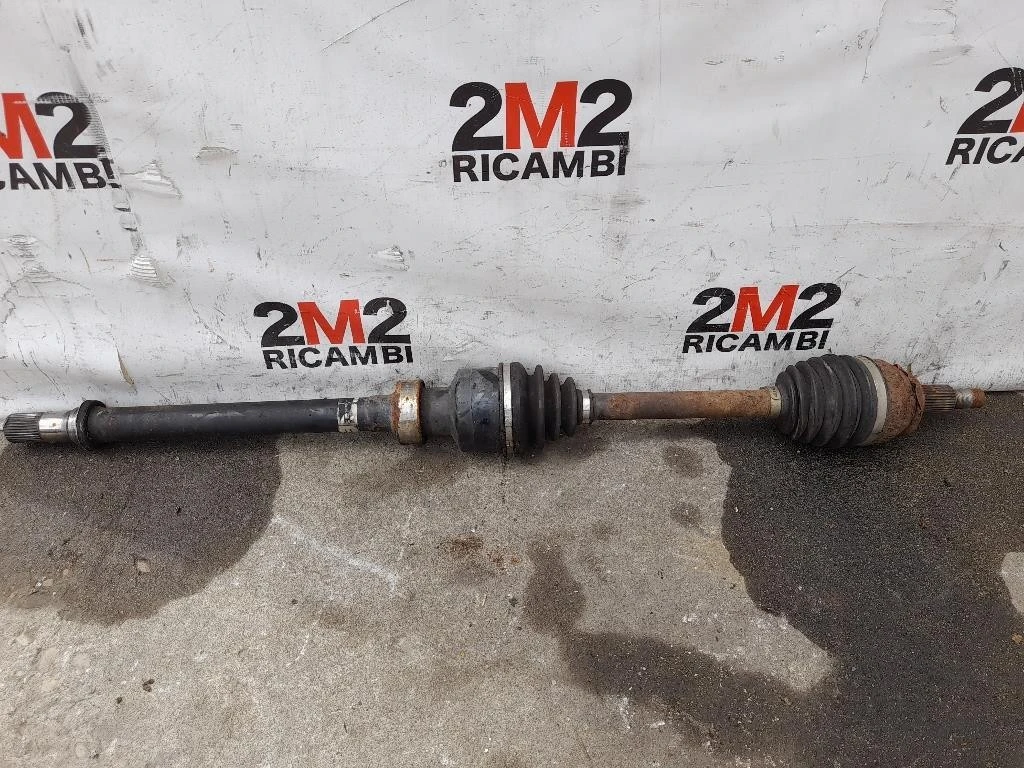 Semiasse ANT DX GDB32550X Mazda CX5 I 2012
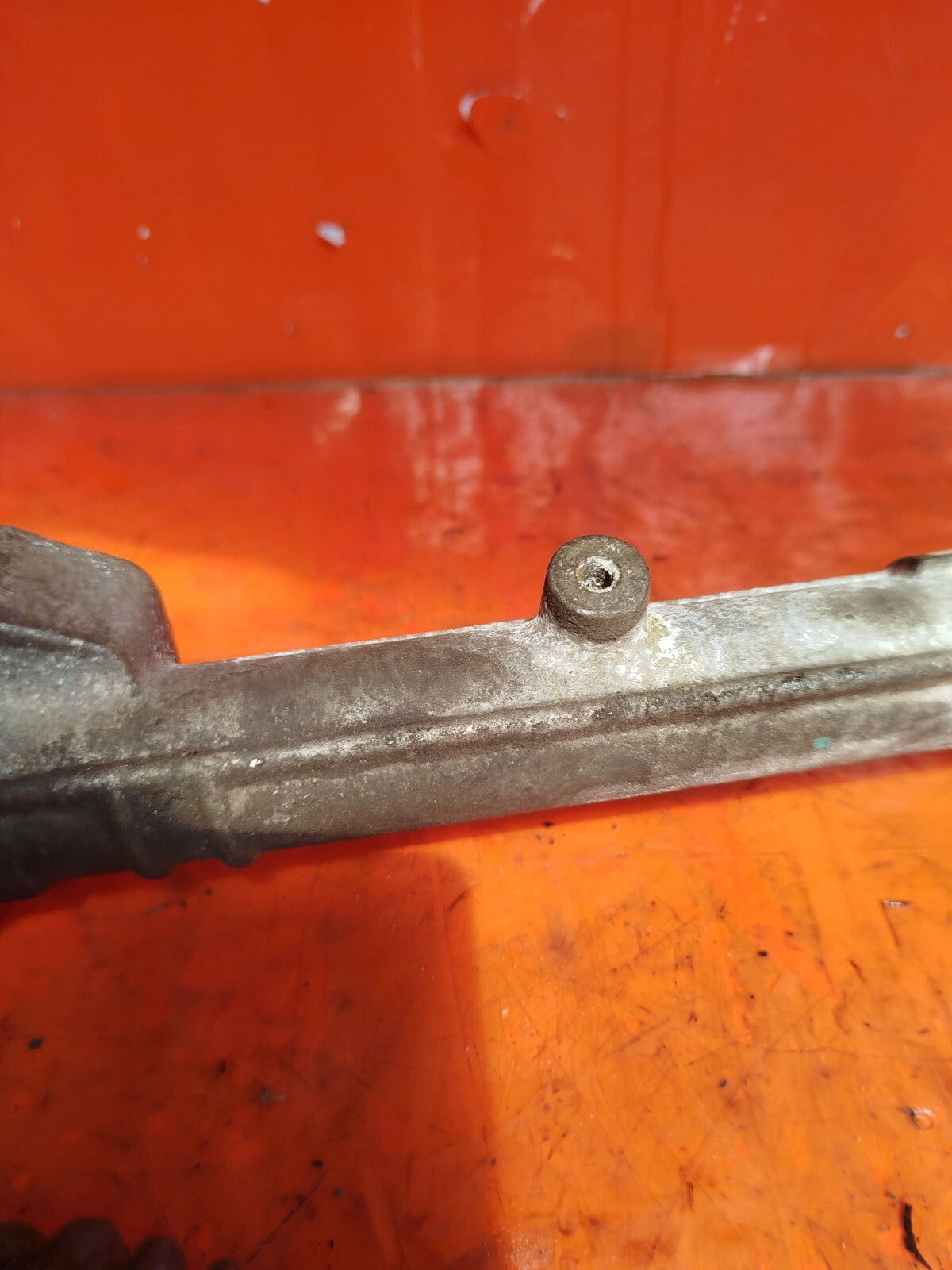 ✅Ford Puma ST Line 2020 POWER STEERING RACK L1TC-3A500-BB Warranty A025 - Image 8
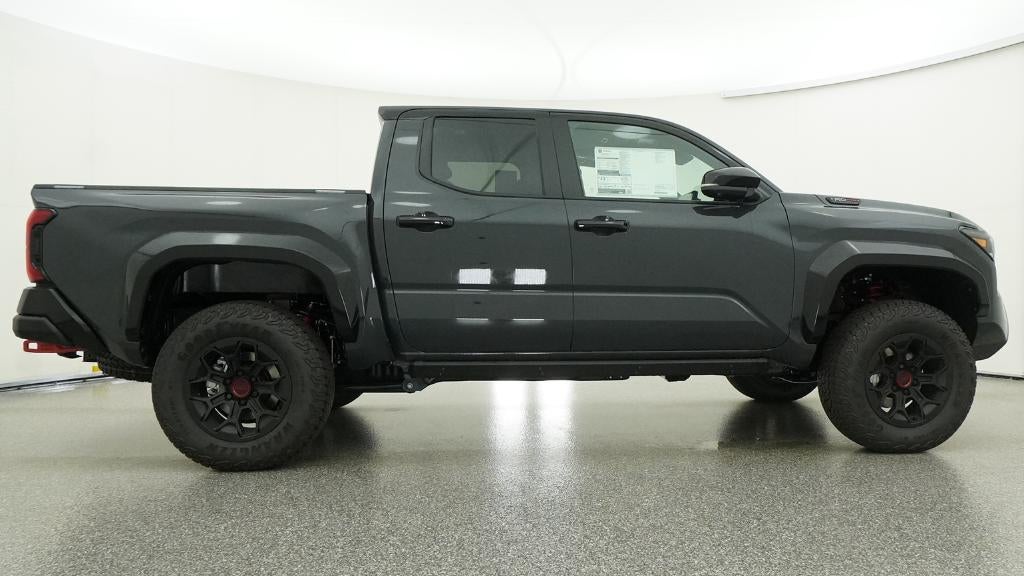 2026 Toyota Tacoma i-FORCE MAX Tacoma TRD Pro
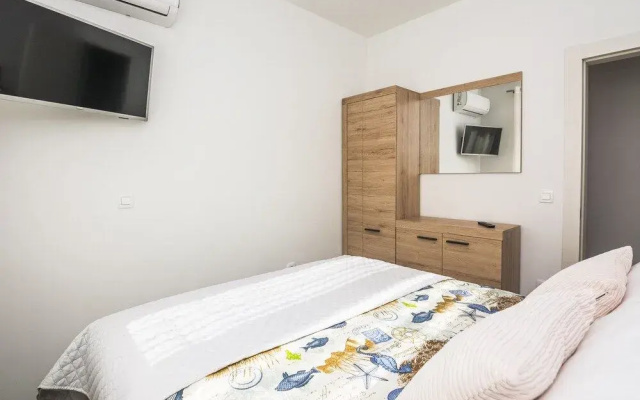 Apartments Nekic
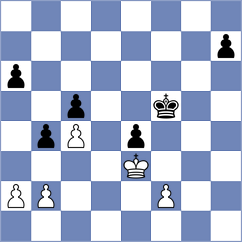 Thiel - Mirimanian (chess.com INT, 2022)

★ ★ ★ ★

What the task requires: Both ends included, copy the lines from the one holding "Apartments Nekic" to the last line of the entries exactly, with all pictures left out.

Answer for this exercise:
 Apartments Nekic
 Thiel - Mirimanian (chess.com INT, 2022)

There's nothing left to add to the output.